Results on the box/whisker plots in panels (a) and (b) show the correlation
between expected errors (E) and measured errors before filtering in the
forward and reverse reads respectively. E is rounded to integers and binned
so that, e.g., the bin for E=2 contains reads with 1.5≤E< 2.5. For each bin,
the top and bottom of the box indicates the upper and lower quartile,
respectively, and the line inside the box indicates the median value. The
upper and lower whiskers indicate the maximum and minimum measured errors,
respectively. In all cases, the maximum value is >25 and is probably
explained by a read that is a PCR artifact, such as an unfiltered chimera,
with true number of sequencing errors much less than 25. The upper
histograms in panels (a) and (b) show the numbers of reads falling into each
E bin. This shows that the reverse reads have more reads with lower quality,
as is typically seen with Illumina sequencing. However, the correlation seen
in the box/whisker plots appear similar between the forward and reverse
reads, suggesting that the Q score accuracy is comparable.

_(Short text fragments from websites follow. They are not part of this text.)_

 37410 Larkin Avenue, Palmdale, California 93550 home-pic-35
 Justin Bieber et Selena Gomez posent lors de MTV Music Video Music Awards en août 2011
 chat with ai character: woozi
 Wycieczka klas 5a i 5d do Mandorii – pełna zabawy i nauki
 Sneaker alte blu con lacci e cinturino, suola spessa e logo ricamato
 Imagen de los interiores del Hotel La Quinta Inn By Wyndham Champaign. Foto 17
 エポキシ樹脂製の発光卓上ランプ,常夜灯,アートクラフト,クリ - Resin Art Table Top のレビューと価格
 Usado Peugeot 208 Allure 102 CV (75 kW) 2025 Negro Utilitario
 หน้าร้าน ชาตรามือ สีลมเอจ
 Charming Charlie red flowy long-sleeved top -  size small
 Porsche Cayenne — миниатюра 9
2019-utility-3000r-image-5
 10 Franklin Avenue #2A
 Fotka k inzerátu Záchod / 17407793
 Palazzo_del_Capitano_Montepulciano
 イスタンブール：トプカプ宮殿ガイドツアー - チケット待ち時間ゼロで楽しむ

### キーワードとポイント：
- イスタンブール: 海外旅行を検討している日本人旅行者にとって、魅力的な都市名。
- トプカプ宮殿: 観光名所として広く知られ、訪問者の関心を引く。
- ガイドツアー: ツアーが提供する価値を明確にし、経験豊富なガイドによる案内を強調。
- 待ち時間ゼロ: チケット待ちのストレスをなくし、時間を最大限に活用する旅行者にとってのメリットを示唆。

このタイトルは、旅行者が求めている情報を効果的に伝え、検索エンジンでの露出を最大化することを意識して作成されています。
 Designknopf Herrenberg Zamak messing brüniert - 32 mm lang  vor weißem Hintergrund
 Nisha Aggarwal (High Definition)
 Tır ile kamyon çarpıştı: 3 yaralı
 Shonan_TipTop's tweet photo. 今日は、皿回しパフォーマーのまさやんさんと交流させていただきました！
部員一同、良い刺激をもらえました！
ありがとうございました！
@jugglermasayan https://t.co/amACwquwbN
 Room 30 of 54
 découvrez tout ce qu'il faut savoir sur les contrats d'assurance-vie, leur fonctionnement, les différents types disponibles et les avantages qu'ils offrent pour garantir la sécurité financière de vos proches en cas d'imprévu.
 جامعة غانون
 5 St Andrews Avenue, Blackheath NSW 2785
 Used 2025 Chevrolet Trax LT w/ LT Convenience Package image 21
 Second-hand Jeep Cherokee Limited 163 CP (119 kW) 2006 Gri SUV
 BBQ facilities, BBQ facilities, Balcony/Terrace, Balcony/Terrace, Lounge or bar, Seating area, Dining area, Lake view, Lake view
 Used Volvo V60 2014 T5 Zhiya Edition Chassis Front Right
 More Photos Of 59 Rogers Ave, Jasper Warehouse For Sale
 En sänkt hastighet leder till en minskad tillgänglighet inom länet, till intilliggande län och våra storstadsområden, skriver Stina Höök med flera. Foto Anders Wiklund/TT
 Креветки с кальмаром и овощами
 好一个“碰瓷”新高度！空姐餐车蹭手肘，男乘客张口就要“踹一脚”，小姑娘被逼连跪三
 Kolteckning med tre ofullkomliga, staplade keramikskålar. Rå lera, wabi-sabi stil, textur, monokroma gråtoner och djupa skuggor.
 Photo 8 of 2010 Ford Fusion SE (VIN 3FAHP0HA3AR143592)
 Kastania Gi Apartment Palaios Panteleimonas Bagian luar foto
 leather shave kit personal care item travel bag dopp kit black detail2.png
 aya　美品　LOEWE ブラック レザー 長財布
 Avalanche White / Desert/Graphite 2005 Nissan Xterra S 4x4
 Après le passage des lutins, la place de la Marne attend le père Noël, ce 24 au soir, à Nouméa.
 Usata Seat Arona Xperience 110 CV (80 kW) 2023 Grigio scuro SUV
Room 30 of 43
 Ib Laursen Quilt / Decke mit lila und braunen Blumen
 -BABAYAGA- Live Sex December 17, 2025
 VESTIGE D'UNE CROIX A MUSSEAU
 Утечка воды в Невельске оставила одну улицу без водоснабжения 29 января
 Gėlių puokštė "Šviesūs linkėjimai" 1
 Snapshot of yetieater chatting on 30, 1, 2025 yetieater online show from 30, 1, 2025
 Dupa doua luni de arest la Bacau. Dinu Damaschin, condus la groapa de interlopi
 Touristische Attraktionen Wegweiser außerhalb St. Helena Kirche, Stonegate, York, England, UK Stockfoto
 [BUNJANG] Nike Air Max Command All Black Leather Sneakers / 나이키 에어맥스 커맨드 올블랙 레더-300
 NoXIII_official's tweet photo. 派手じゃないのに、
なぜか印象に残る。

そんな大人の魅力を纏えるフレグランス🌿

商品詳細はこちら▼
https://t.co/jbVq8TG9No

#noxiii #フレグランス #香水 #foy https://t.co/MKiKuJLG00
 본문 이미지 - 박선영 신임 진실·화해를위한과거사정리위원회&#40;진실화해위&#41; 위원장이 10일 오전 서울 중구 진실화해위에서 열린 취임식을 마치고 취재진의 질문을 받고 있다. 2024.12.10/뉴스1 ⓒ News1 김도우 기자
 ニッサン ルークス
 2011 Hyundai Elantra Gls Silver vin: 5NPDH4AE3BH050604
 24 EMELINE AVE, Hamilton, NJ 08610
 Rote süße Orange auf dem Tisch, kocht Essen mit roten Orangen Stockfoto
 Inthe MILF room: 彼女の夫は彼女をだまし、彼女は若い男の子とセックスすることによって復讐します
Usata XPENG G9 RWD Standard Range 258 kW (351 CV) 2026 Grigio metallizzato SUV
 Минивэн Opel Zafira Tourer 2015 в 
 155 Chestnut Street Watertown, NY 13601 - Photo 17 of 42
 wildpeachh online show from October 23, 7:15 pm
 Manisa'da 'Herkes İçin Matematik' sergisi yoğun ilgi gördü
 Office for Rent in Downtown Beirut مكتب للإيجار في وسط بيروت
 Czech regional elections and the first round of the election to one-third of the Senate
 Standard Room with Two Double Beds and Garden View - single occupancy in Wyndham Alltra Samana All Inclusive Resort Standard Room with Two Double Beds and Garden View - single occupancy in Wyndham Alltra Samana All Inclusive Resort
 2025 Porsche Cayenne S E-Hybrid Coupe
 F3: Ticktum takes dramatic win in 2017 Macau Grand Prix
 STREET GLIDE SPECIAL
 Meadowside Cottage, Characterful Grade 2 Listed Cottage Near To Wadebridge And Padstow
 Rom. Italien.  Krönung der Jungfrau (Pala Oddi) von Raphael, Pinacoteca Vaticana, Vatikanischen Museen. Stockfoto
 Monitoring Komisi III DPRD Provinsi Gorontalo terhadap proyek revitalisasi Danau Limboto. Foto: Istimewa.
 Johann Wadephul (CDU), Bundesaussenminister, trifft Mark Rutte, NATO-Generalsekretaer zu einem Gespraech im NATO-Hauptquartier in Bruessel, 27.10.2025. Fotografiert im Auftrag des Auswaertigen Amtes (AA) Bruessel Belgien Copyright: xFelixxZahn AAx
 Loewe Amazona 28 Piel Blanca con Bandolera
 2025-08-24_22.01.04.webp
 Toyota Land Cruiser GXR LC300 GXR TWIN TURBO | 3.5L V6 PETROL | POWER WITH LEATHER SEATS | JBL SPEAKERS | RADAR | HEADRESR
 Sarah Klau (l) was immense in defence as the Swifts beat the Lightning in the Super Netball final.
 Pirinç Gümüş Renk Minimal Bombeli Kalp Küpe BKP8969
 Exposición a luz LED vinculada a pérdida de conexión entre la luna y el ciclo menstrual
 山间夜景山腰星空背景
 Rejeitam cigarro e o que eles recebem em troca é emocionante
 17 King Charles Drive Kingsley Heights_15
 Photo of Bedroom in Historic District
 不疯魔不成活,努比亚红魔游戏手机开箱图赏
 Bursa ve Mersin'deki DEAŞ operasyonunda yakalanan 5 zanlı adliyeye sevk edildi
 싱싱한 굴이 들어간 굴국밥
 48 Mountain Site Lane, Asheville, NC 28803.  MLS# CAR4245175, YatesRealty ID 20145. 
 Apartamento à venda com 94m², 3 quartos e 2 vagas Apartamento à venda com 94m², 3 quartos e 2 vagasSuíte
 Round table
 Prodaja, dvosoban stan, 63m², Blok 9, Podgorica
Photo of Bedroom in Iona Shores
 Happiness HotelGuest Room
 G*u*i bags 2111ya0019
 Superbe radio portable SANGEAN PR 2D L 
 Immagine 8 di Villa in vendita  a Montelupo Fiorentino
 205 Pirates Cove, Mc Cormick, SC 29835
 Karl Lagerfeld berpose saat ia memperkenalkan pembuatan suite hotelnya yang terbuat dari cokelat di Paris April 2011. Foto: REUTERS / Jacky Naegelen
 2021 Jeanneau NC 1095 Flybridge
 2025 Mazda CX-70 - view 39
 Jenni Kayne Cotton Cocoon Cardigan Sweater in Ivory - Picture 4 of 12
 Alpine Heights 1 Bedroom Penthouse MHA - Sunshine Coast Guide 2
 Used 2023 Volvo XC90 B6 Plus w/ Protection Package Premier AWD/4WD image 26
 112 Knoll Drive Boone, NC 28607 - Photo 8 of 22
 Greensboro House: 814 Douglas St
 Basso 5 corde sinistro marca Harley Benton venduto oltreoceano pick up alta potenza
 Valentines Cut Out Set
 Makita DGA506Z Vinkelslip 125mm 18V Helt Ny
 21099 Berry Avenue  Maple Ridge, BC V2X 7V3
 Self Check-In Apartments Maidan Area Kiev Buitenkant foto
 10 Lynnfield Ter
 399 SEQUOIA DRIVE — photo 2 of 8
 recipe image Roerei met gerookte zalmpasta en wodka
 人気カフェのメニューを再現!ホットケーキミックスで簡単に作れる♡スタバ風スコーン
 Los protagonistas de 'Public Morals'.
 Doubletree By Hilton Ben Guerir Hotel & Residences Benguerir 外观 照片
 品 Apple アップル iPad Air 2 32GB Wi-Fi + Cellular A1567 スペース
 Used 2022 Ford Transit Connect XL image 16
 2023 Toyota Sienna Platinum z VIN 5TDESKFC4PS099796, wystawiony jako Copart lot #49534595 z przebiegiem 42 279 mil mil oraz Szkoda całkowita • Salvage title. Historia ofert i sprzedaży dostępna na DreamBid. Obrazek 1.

These results
show that E tends to underestimate the number of errors for larger values of
E. The histograms in panels (c) and (d) report the distribution after
merging and filtering of the observed numbers of errors per read in the head
(<3% errors) and tail (>3% errors) respectively, showing that Emax=1 allows
most reads with no errors and a majority of reads with one error, and
further dramatically reduces the frequency of reads in the tail compared
with QIIME and PANDAseq.